Stakeholders in the Madoff Scandal and Their Need to Act Promptly and Proactively – Installment 1

January 12, 2009Articles White Collar Compliance & Defense Blog

The Madoff investment scandal was allegedly the longest, most widespread and financially devastating Ponzi scheme on record. On almost a daily basis since the arrest of Bernard L. Madoff on December 11, 2008, there are new disclosures of victims and classes of victims. Over the next few days this blog will discuss some of the threshold issues that face the manifold stakeholders who have been materially affected by the Madoff scandal. In many cases there may be limited time for victims to act to protect themselves to the maximum. Some of the potential self-protective actions will be identified during the course of identifying the stakeholders. All potential stakeholders should consult professional advisors promptly to have their positions evaluated.

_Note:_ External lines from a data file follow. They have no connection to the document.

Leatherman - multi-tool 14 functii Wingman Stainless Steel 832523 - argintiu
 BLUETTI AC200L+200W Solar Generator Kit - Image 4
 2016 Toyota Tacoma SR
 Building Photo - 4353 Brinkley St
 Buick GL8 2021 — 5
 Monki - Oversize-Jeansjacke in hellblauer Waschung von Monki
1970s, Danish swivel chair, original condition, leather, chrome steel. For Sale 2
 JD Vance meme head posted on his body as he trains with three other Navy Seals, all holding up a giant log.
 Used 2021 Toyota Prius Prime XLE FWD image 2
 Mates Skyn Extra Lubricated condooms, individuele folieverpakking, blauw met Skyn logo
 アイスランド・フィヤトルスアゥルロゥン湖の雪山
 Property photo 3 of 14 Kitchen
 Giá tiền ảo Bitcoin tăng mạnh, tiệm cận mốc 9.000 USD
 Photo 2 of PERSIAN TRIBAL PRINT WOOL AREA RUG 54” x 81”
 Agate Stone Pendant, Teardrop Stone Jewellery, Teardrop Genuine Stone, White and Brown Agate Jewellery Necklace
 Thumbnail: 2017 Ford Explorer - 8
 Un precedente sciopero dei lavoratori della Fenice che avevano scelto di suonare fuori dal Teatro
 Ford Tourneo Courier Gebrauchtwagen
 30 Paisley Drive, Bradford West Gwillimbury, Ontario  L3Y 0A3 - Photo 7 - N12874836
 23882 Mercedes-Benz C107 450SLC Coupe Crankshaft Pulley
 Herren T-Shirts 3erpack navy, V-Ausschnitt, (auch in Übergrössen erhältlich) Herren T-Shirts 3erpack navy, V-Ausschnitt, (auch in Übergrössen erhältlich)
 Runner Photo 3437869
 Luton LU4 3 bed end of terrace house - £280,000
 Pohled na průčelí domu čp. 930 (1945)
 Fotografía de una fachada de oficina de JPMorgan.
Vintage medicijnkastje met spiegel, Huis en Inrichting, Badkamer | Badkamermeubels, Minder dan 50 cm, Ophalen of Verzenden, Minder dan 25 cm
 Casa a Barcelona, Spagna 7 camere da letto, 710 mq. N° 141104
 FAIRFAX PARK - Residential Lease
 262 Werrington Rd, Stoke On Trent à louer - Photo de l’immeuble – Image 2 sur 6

Direct Individual Investors (“DII”)

This class of victim may be the largest in numbers, although not necessarily in potential dollar losses. A DII should collect every scrap of hard copy, digital or electronic information and communication that can be located relative to an investment in Madoff (a “Madoff Investment”), including statements, financial or otherwise, from Madoff, tax statements such as Forms 1099, annual reports, statements by Madoff as to the nature of the investments and returns, etc. Such information may prove to be valuable in isolating the scope of the loss and the factual basis that gave rise to the loss. The factual basis may determine whether or not the DII is a potential class plaintiff should any classes be certified in actions against Madoff and/or his controlled business entities.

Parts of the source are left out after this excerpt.